Can't we have one Olympics that doesn't end with Canadians digging up a curse?
When Simon Whitfield crashed on Tuesday in the Olympic men's triathlon — I don't know about you but thanks to him I'll probably go around all day saying "stupid speed bump" in a Homer Simpson voice — an age-old belief was exhumed.
Canadian Olympic lore holds that the athlete selected to carry the Maple Leaf at the Opening Ceremony is doomed to disappoint in her/his event. It's an easy way out. It became evident from early on in the tri that the 37-year-old Whitfield had no shot at the podium in a field where British twins Alistair (gold) and Jonathan Brownlee (bronze) were in the lead pack basically from wire to wire.
One of the more enduring lines in the film version of Friday Night Lights is when Billy Bob Thornton whispers, "Ain't no curses" to his quarterback just before the coin flip that decides whether the team will make the playoffs. That seems to be a good rule of thumb. So where did the curse get started and is there any validity to it?
The notion got traction in the 1990s. First Kurt Browning, a multi-time world figure skating champion, failed to medal in Lillehammer in 1994. Four years later, freestyle skier Jean-Luc Brassard failed to defend his Olympic moguls title. On the summer side, in Athens in 2004, Nicolas Gill carried the Maple Leaf and promptly was eliminated from judo in his first match. Judo can be an on-any-given-day affair, though; the Gill-coached Antoine Valois-Fortier just won a bronze at London 2012 after coming in ranked 17th worldwide in his weight class.
People probably remember the flag bearers who failed since those are the athletes who come in with the higher Q rating and more media build-up. All told, though, it's hard to see how it holds water.

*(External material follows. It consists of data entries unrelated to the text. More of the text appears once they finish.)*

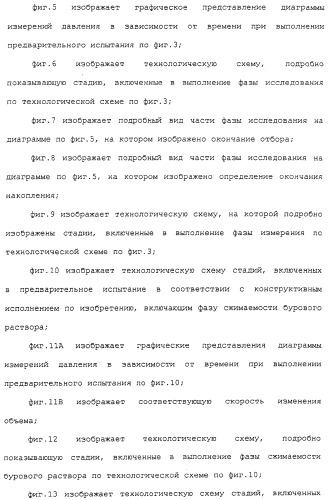 Способ оценки подземного пласта (варианты) и скважинный инструмент для его осуществления (патент 2316650)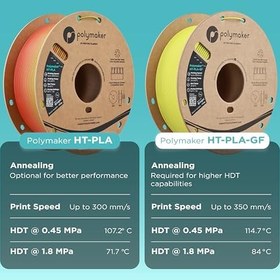 Resim Polymaker HT-PLA Filament 1.75mm Kırmızı, 3D Baskı için Yüksek Sıcaklık PLA, 150°C'ye kadar Isıya Dayanıklı, Basması Kolay, Çoğu FDM Yazıcıyla Çalışır, 1kg Makara 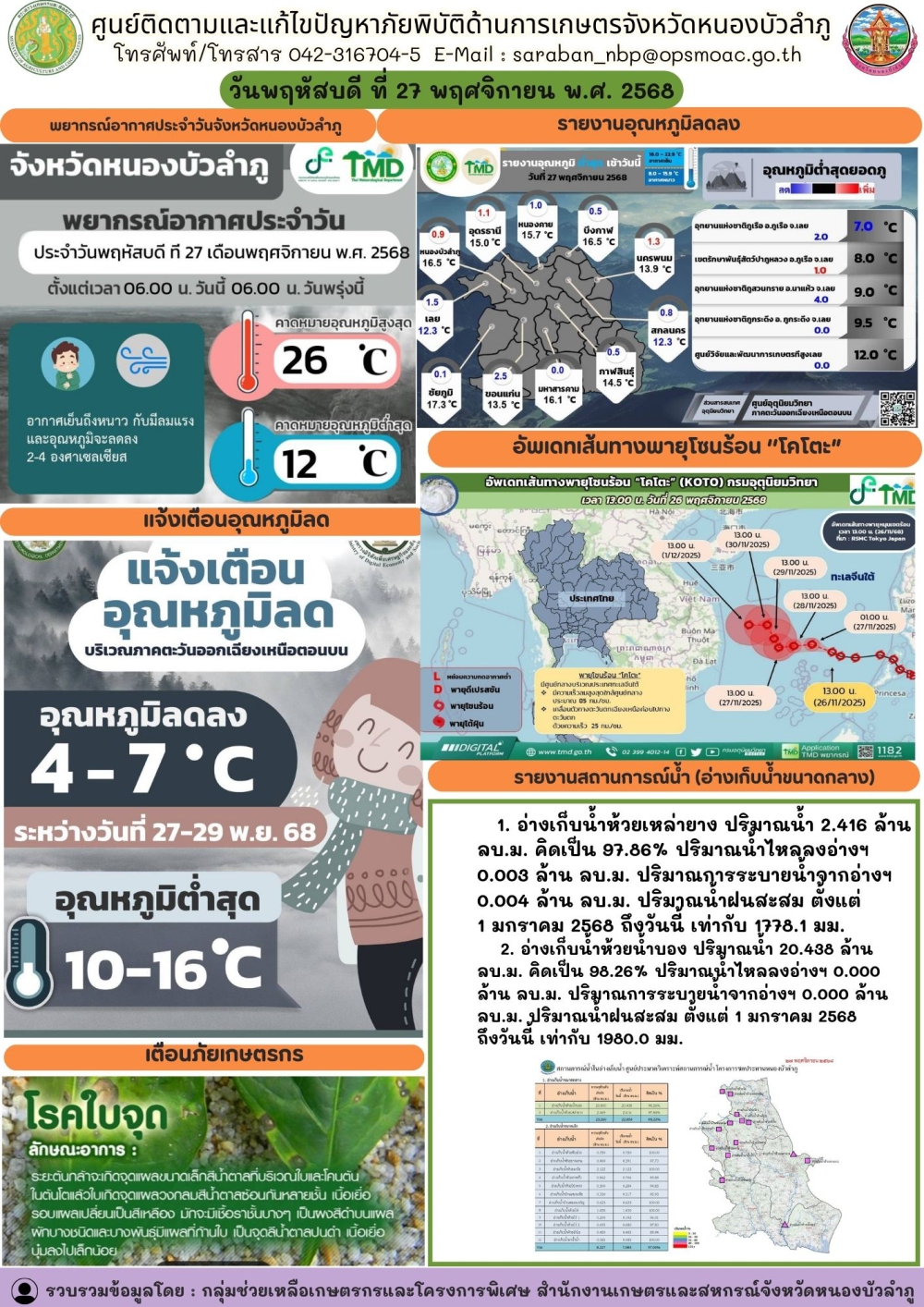 ศูนย์ติดตามและแก้ไขปัญหาภัยพิบัติด้านการเกษตรจังหวัดหนองบัวลำภู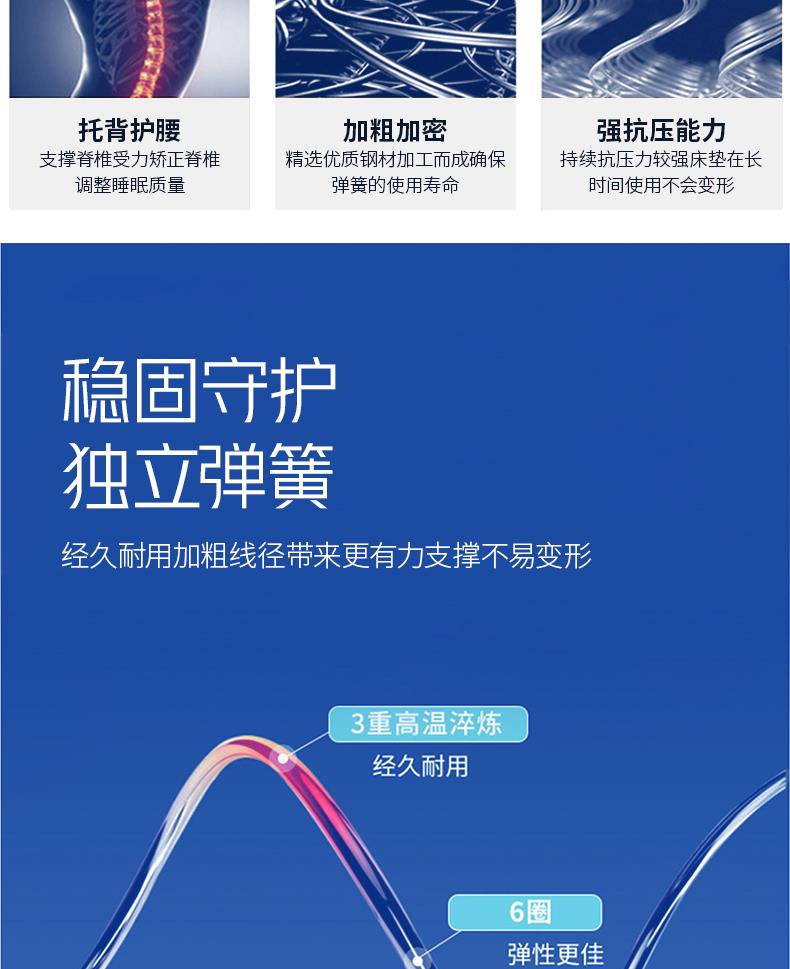 7-经典客房系列-贵雅[8].JPG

Speed skater and current CTV studio host Catriona Le May Doan went on to win a gold medal in 2002. Clara Hughes, who carried the flag in Vancouver 2010, won a somewhat unexpected speed skating bronze medal at the advanced age of 37.

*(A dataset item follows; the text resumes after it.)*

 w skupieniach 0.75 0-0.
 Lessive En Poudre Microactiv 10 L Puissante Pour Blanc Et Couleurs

On the summer side, kayaker Adam van Koeverden shook off the supposed curse to win two silvers in Beijing in 2008.
Curses in sports are just convenient outs, mostly. The Chicago Cubs' decades-long pennant drought isn't due to a curse. It owes more to a business structure that relies more on Wrigley Field being the world's largest outdoor singles bar than on actually winning. There have been good reasons each time the NFL's Minnesota Vikings have failed to reach the Super Bowl in the past 35 years, despite being an above-average franchise.
If there was a flag bearer curse, it surely would have thrown off other Canadian flag bearers. Swimmer Alex Baumann (1984), speed skater Gaetan Boucher ('84) and synchro's Carolyn Waldo (1988) were each double gold medallists.

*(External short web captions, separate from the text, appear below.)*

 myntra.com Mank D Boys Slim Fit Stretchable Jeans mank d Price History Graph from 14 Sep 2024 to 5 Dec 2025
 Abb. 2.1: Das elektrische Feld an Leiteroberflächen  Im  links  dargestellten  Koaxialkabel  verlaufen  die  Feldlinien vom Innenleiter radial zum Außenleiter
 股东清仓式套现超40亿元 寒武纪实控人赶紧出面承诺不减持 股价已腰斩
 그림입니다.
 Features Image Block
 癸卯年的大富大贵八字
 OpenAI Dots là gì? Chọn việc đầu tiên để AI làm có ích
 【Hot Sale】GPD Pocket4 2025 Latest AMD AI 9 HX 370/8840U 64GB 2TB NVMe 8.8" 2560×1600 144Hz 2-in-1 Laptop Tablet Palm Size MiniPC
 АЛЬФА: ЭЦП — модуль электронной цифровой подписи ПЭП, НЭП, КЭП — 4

There have been others who had a disappointing Olympics. Ken Read of Crazy Canucks fame fell in his alpine skiing event in 1980. But that's a hazard of skiing and well, it did good service to the team's legend.
There's always a specific logical explanation. The transition from swimming to cycling in triathlon is fraught with calamity. Trying to get the wetsuit off, put on shoes and get away on the bike, even to an Olympian, is like what rushing to get out the door in the morning is for the rest of us. Haste leads to tripping and falling.
At least Whitfield found some gallows humour in it.
"I hit the speed bump just as I went to put my shoe on, I think," Whitfield said. "I'm not quite sure what happened. I hit the speed bump on a funny angle and ended up crowd surfing, which is good for concerts and not so good for sport events.
"My bike went out from underneath me. I have some pretty serious gashes: My big toe is stitched up, both knees have seen better days, my shins have seen better days. I've got a good goose egg on my head." (National Post)
Believing in sports curses is in the same vein. 'Tis simpler to go along with the notion of a jinx than to confront the sometimes harsh truth. Or deal with the disappoint head-on like Whitfield did today. But believing it exists and will be broken, who knows, might spur people to be optimistic.